(Extracted data entries)

◆ ◆ ◆ ◆ ◆ ◆ ◆

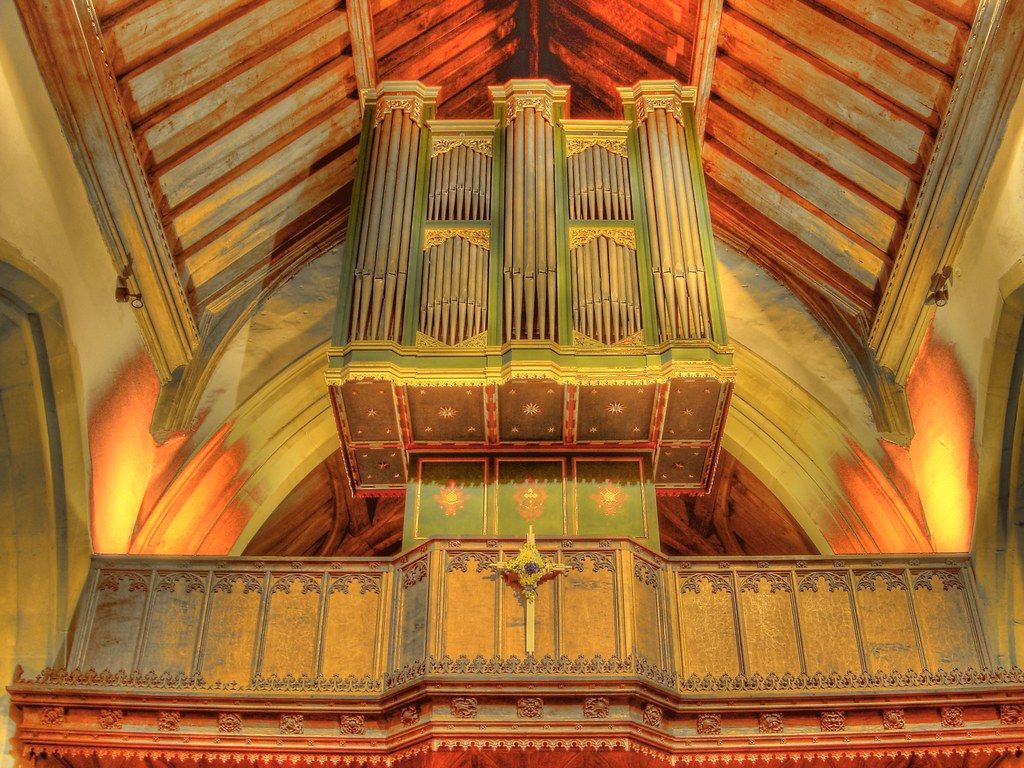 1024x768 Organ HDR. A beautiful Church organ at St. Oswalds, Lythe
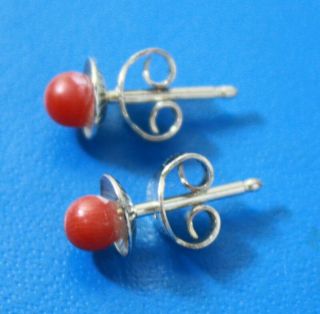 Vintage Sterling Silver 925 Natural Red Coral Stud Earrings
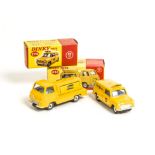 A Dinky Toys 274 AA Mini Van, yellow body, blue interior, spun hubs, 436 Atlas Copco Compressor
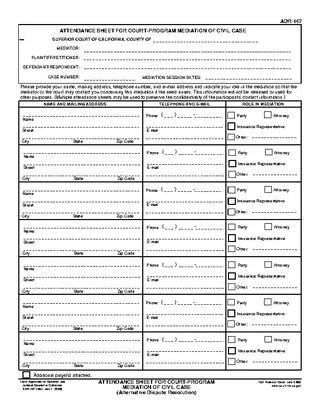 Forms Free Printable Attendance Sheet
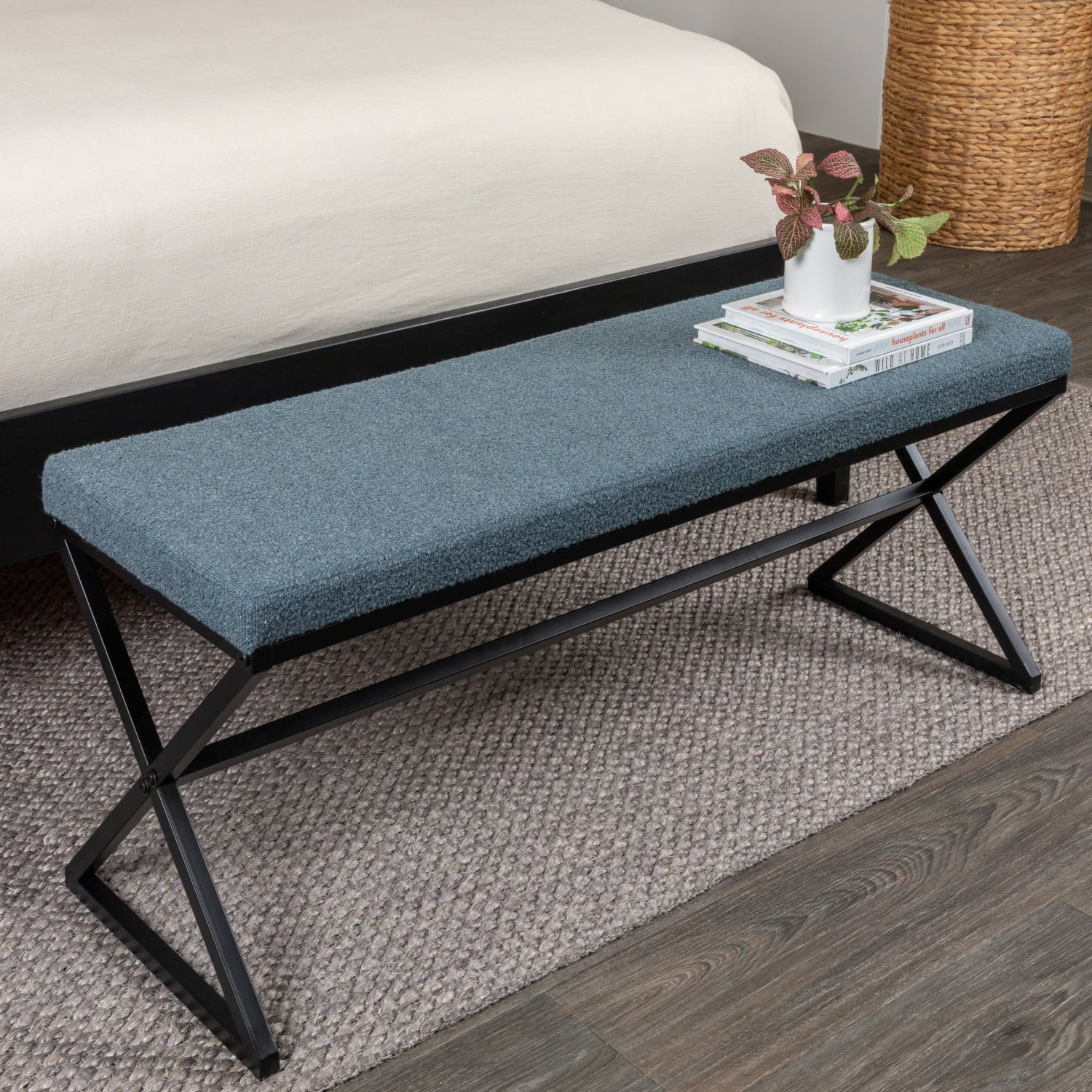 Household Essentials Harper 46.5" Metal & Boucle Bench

◆ ◆ ◆ ◆ ◆ ◆ ◆

● **WORK ITEM**
With the pictures left out, copy exactly the lines above from the line containing "Forms Free Printable Attendance Sheet" through the last line of the entries.

● **SOLUTION FOR THIS EXERCISE**
 Forms Free Printable Attendance Sheet
 Household Essentials Harper 46.5" Metal & Boucle Bench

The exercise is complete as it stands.